=== WHAT YOU ARE ASKED TO DO ===
Your copy should begin with the line containing "Liberty Kitchen - Kale Caesar sandwich", end with the line containing "Bubble Condense Font - Preview 5", match the listing below exactly, and contain no pictures.

=== SUPPLIED MATERIAL ===

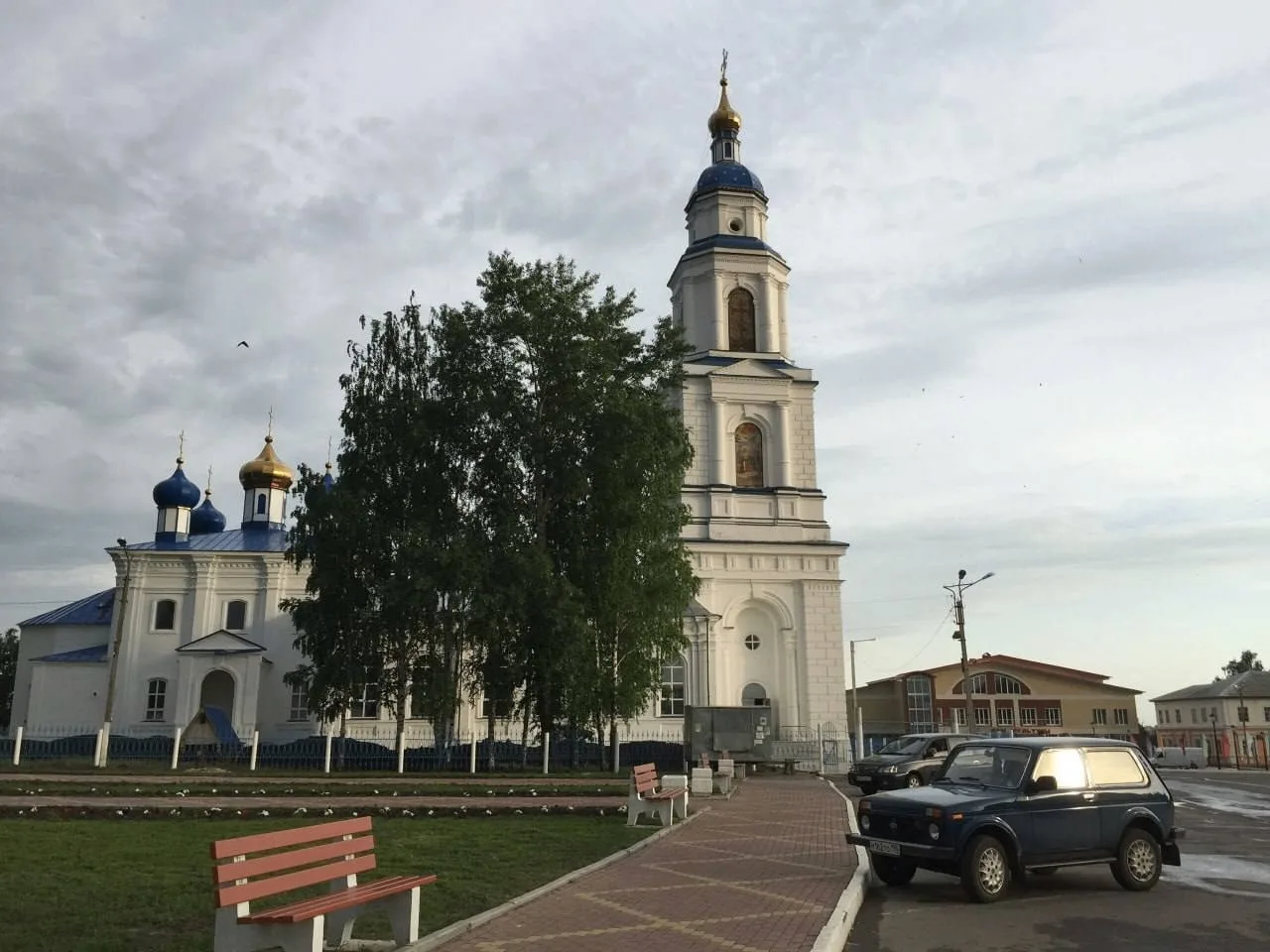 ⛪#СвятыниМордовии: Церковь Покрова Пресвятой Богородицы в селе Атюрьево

...

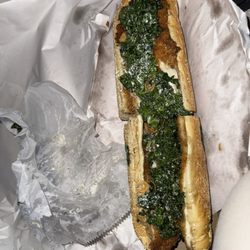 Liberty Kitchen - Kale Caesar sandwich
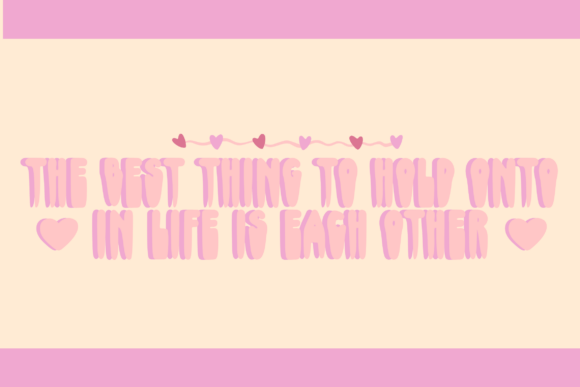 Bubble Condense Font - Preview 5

...

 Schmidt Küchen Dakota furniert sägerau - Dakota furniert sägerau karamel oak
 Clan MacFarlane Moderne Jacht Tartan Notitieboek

=== YOUR SOLUTION ===
 Liberty Kitchen - Kale Caesar sandwich
 Bubble Condense Font - Preview 5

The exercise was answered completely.